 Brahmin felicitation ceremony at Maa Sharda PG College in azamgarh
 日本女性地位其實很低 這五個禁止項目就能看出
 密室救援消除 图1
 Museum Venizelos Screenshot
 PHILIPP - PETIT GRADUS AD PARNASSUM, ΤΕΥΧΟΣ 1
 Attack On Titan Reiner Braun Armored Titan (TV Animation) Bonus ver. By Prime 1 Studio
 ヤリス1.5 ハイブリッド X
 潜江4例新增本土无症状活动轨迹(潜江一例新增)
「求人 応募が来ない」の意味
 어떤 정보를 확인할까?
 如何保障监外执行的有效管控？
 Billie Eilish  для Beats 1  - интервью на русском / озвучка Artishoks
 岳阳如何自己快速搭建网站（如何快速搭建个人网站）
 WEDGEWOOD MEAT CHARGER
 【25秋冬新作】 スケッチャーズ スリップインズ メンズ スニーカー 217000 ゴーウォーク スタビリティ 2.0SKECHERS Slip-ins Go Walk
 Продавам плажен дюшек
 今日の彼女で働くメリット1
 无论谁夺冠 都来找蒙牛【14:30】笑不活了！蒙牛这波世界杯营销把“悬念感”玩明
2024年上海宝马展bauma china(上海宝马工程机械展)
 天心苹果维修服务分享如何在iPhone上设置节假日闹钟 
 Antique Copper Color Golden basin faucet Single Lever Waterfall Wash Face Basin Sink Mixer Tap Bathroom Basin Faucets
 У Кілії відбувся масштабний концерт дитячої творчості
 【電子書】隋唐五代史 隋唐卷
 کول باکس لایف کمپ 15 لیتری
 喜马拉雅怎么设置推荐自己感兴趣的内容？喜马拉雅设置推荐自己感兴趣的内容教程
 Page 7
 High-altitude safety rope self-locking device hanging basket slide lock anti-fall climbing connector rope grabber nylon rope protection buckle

### Exercise goal
Retype, exactly as written, each line from the one that has "Attack On Titan" to the bottom of the entries above, and include both of those lines.

### Solution to this task
 Attack On Titan Reiner Braun Armored Titan (TV Animation) Bonus ver. By Prime 1 Studio
 ヤリス1.5 ハイブリッド X
 潜江4例新增本土无症状活动轨迹(潜江一例新增)
「求人 応募が来ない」の意味
 어떤 정보를 확인할까?
 如何保障监外执行的有效管控？
 Billie Eilish  для Beats 1  - интервью на русском / озвучка Artishoks
 岳阳如何自己快速搭建网站（如何快速搭建个人网站）
 WEDGEWOOD MEAT CHARGER
 【25秋冬新作】 スケッチャーズ スリップインズ メンズ スニーカー 217000 ゴーウォーク スタビリティ 2.0SKECHERS Slip-ins Go Walk
 Продавам плажен дюшек
 今日の彼女で働くメリット1
 无论谁夺冠 都来找蒙牛【14:30】笑不活了！蒙牛这波世界杯营销把“悬念感”玩明
2024年上海宝马展bauma china(上海宝马工程机械展)
 天心苹果维修服务分享如何在iPhone上设置节假日闹钟 
 Antique Copper Color Golden basin faucet Single Lever Waterfall Wash Face Basin Sink Mixer Tap Bathroom Basin Faucets
 У Кілії відбувся масштабний концерт дитячої творчості
 【電子書】隋唐五代史 隋唐卷
 کول باکس لایف کمپ 15 لیتری
 喜马拉雅怎么设置推荐自己感兴趣的内容？喜马拉雅设置推荐自己感兴趣的内容教程
 Page 7
 High-altitude safety rope self-locking device hanging basket slide lock anti-fall climbing connector rope grabber nylon rope protection buckle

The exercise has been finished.